This month has been way warmer than average so far…with our morning lows averaging around 10 degrees above normal! Overall, we expect milder-than-average conditions to continue this month. There will be cooler shots of air but they will be brief. Things are about to change though, with indications that average or cooler-than-average weather could return by early November.
When we look at making long-range forecasts, we examine climate models, what’s happening in the oceans, as well as analog years, which are years in which the atmosphere was in a similar state to what is in right now. That involves examining things like the Polar Vortex and trends with La Nina.
For this fall, we were able to come up with 10 analog years. To narrow it down even further, we picked out years that had a warm to very warm October for our area, and that gave us five years…1971, 1984, 1985, 1996, and 2000. In four out of those five Novembers, temperatures ended up below average, with the core of the cold staying over the northern tier of the country. While we’re expecting near average temperatures locally, there will be periods of chill, more specifically as we head toward the middle of next month.

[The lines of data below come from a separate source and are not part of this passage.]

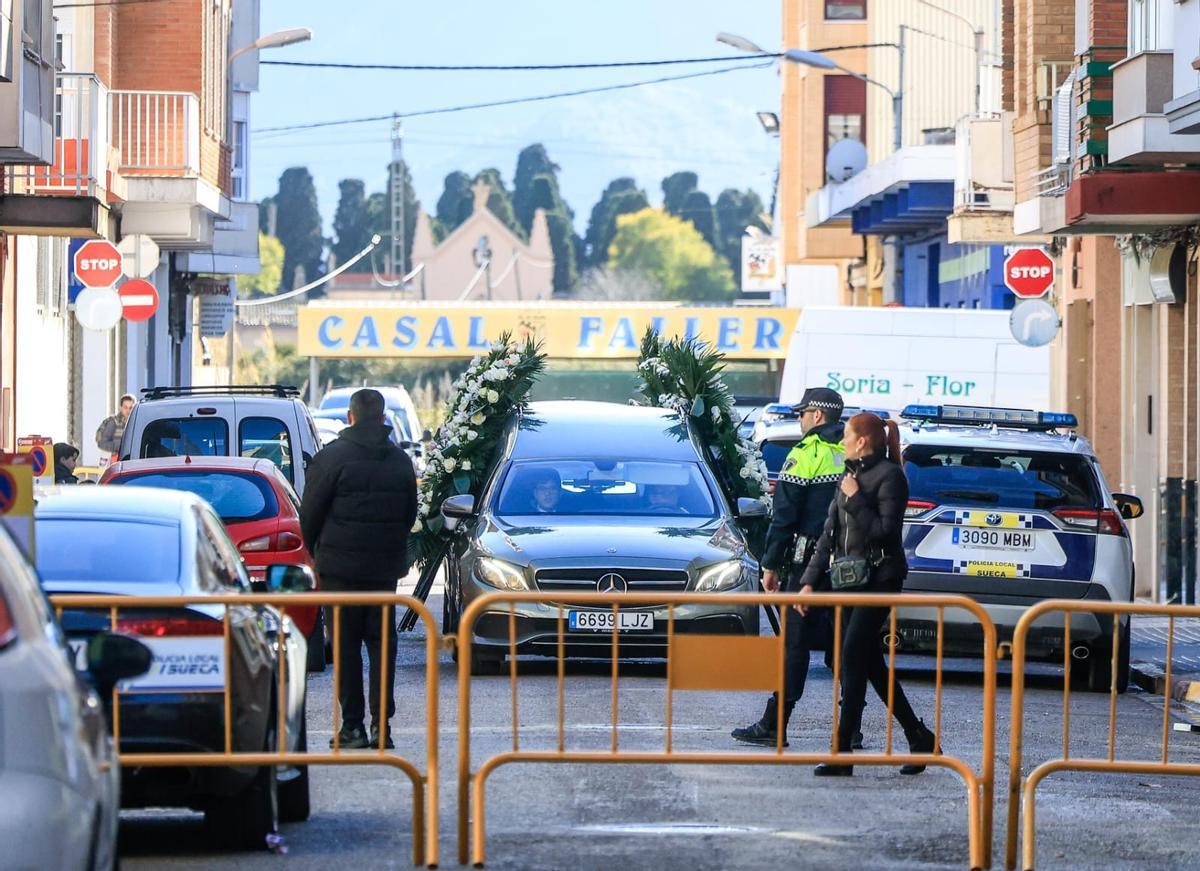 Rabia e indignación en adiós de Sueca a Ález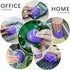 TICARVE Cleaning Gel for Car Detailing Car Vent Cleaner Cleaning Putty Gel Auto Car Interior Cleaner Dust Cleaning Mud for Cars and Keyboard Cleaner Cleaning Slime Purple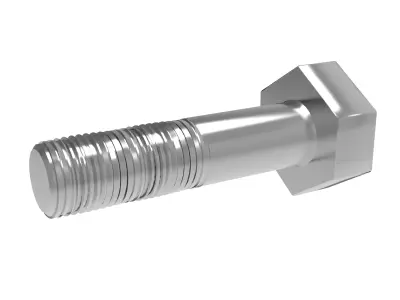 Bolt only 3D model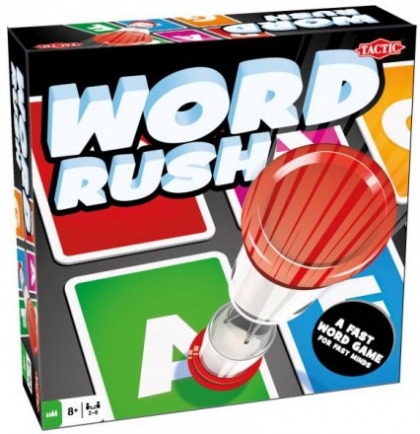 Word Rush board game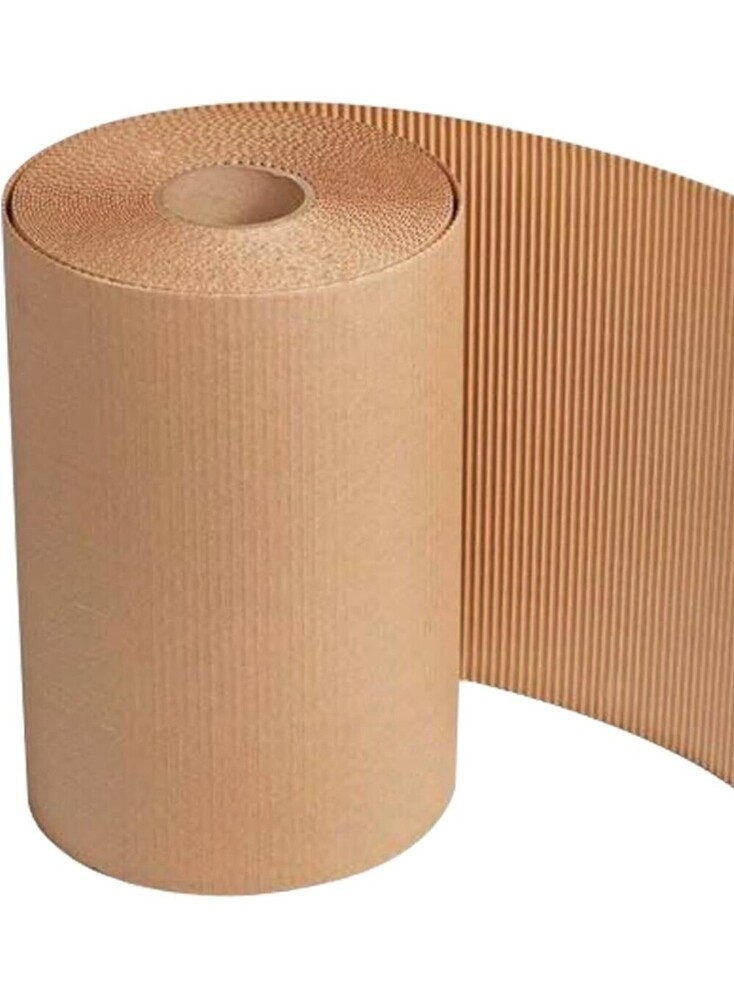 3 Ply Corrugated Packaging Roll (80 GSM)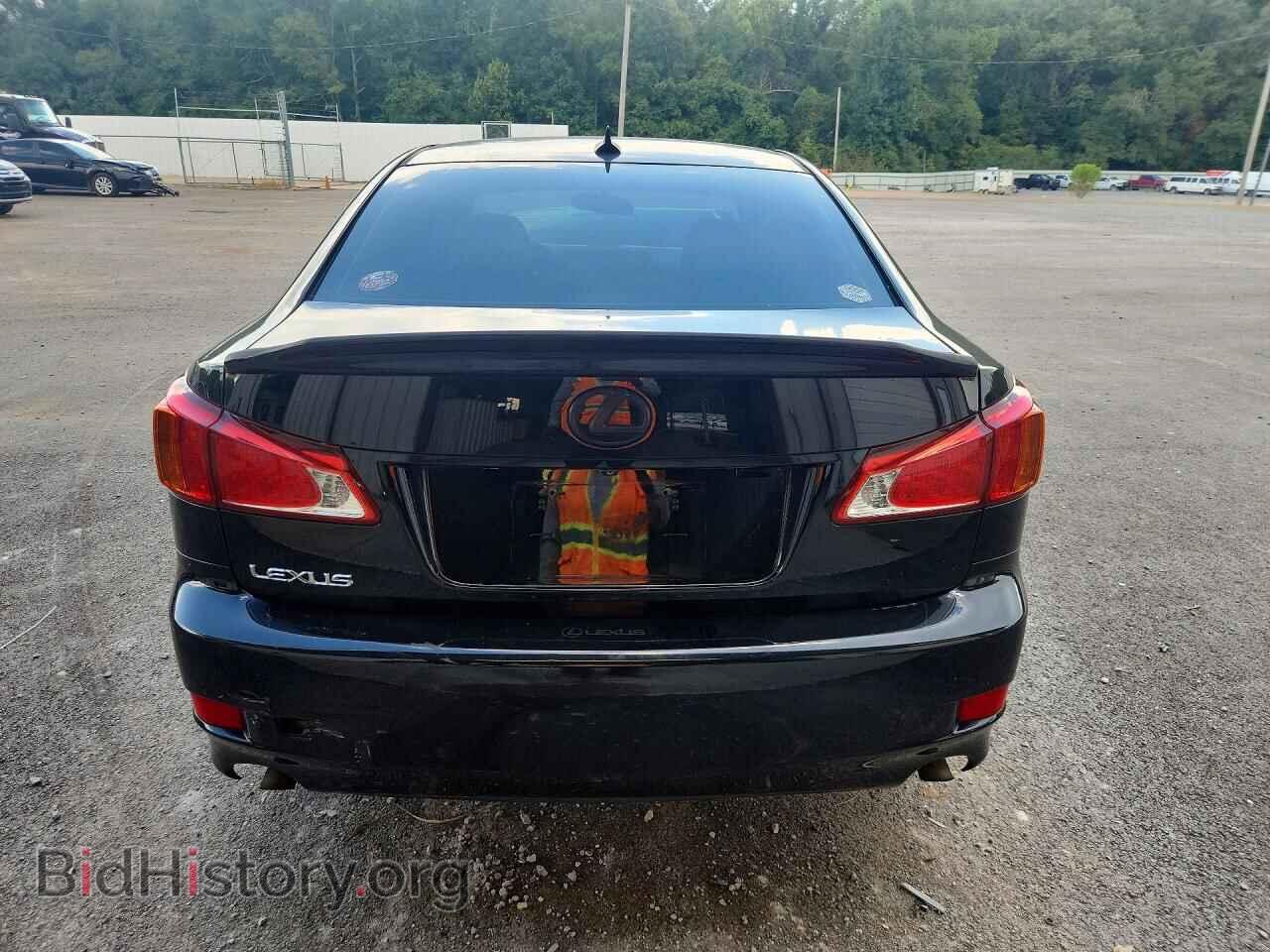 2009 LEXUS IS - VIN: JTHBK262595106451 - Photo 6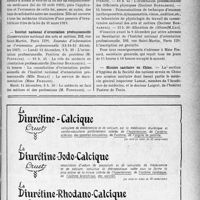 3426 - Page IX-3443 - Dernières nouvelles. Association nationale des médecins mutilés et pensionnés de guerre / Institut national d’orientation professionnelle / Mission sanitaire en Chine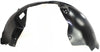 SEBRING/STRATUS 01-06 FRONT FENDER LINER RH, Rear Section, Sedan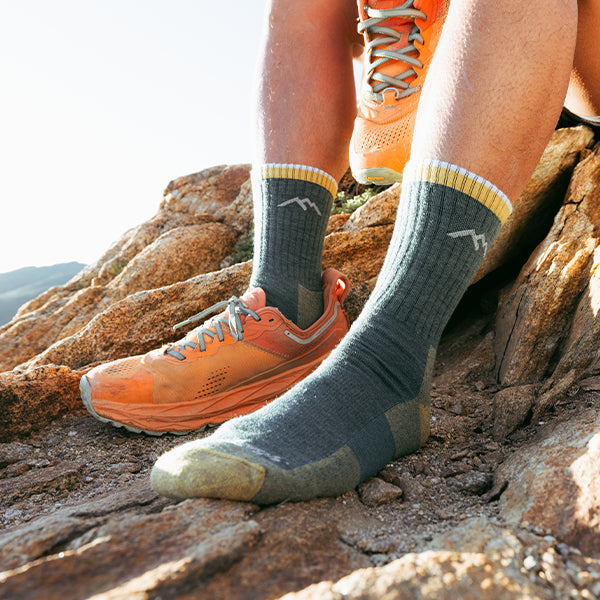 ダーンタフ メンズ 1466 マイクロクルー ミッドウェイトクッション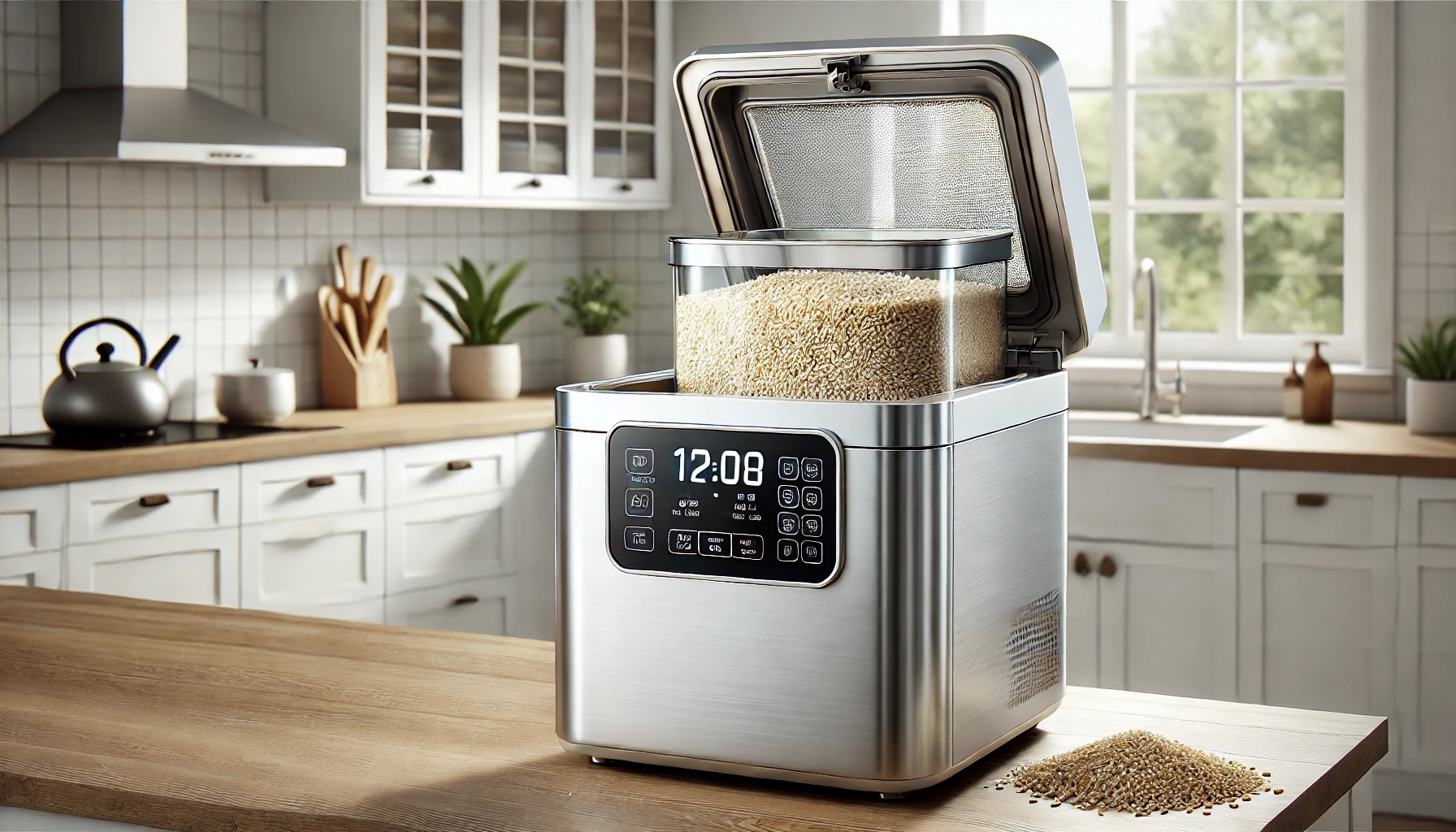 Automatic rice Cleaner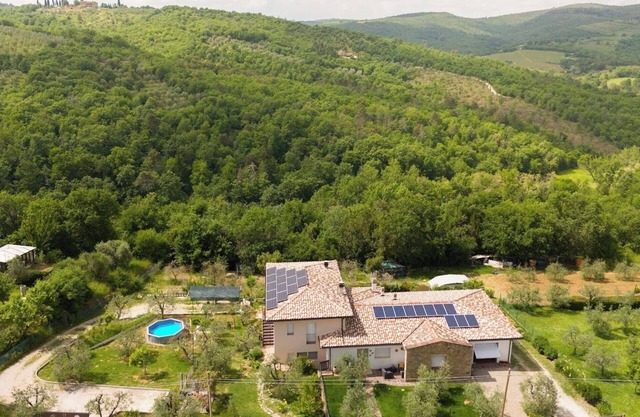 Villino Aurora In Monte San Savino, Toskana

What raises our confidence even more is a stratospheric warming event that’s expected to take place over the next few weeks. The stratosphere is located 4 to 12 miles above the earth’s surface, above the troposphere, where most of our weather takes place. Warming in the stratosphere usually results in a disruption to the Polar Vortex, allowing cold air to move away from the poles and toward the mid-latitudes. This effect normally takes a few weeks to translate to the surface, hence why we’re not expected major changes until after Halloween.
Overall, drier than normal weather will persist through the end of next month, with plenty of Canadian high pressure and northwest flow days.